Segment Open

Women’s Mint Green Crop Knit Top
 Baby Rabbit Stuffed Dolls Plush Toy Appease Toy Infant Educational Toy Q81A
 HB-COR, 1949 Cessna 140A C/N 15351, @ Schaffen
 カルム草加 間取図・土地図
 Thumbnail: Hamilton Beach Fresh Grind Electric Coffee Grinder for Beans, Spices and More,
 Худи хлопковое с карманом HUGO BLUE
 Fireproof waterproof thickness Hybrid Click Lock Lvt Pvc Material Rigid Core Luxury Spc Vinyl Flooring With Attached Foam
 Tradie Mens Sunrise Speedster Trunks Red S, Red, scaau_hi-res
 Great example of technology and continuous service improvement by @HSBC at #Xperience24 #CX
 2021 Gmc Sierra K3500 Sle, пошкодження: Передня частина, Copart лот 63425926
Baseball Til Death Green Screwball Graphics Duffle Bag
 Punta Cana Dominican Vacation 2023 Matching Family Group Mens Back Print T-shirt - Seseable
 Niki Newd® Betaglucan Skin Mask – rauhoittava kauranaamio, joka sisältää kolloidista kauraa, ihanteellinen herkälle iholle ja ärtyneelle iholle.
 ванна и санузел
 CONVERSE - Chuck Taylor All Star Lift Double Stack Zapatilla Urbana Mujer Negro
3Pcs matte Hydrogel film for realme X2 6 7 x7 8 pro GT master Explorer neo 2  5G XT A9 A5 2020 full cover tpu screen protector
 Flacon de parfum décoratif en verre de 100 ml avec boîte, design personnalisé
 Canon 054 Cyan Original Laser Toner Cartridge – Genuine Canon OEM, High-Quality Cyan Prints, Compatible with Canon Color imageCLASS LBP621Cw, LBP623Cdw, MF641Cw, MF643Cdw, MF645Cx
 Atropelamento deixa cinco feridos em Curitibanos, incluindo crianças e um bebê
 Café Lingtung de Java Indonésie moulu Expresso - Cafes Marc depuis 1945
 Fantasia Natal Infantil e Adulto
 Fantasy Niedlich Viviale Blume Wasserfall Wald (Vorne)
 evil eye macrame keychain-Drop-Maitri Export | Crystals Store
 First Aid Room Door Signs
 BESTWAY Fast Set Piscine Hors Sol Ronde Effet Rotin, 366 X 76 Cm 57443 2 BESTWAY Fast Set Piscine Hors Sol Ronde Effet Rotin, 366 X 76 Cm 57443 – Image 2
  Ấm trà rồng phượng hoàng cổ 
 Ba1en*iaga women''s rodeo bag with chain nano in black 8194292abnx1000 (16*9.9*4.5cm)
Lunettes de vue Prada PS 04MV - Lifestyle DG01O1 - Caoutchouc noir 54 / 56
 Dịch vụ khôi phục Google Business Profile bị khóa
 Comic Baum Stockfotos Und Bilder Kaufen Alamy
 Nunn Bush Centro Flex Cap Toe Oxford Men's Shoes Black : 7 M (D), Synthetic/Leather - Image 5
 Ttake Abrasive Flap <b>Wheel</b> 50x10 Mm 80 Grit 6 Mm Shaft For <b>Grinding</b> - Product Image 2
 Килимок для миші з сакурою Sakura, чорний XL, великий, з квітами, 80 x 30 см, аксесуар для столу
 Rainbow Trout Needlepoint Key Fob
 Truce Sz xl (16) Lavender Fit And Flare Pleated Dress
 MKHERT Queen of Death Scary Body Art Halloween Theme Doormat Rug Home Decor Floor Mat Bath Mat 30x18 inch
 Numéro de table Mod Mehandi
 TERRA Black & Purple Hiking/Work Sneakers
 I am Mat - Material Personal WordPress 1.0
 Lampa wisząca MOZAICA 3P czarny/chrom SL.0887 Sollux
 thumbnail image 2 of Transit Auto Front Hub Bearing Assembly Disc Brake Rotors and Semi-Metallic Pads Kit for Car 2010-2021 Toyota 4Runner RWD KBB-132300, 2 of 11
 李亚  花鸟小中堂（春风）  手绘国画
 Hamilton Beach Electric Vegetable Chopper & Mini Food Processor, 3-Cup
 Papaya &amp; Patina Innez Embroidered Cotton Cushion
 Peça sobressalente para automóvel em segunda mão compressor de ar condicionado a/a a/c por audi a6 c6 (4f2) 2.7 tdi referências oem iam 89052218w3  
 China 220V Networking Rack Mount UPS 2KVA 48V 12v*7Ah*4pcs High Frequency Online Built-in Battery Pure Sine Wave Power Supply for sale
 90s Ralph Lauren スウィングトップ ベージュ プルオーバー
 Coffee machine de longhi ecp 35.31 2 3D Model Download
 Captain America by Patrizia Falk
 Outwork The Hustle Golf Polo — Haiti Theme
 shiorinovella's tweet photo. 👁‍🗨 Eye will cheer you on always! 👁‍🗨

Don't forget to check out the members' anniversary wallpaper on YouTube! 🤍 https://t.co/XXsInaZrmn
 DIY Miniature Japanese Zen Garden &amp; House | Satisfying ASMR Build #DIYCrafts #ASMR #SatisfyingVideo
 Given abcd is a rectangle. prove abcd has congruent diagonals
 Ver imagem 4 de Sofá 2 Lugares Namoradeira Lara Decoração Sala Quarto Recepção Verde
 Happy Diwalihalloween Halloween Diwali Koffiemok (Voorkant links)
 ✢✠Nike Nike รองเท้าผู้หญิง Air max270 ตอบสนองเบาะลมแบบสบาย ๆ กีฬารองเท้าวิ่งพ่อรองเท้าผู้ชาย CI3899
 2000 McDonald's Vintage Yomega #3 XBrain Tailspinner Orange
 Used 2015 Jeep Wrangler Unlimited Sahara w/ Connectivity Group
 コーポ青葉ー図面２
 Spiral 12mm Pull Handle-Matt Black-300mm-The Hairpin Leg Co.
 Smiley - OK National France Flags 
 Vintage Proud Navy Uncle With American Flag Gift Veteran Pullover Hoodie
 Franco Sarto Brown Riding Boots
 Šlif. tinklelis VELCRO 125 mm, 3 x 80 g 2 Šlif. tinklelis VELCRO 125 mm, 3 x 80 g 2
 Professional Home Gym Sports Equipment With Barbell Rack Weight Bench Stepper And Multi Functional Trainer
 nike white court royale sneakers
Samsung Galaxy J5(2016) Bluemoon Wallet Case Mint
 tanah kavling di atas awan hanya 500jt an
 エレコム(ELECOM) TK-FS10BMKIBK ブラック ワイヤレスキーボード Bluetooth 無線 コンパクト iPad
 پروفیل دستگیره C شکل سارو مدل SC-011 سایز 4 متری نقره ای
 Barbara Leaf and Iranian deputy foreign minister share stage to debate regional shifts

Segment Closed

Given the records above, return exactly the lines starting at the line containing "Dịch vụ khôi" and ending at the line containing "Ttake Abrasive Flap", including both.

→ Result for this task
 Dịch vụ khôi phục Google Business Profile bị khóa
 Comic Baum Stockfotos Und Bilder Kaufen Alamy
 Nunn Bush Centro Flex Cap Toe Oxford Men's Shoes Black : 7 M (D), Synthetic/Leather - Image 5
 Ttake Abrasive Flap <b>Wheel</b> 50x10 Mm 80 Grit 6 Mm Shaft For <b>Grinding</b> - Product Image 2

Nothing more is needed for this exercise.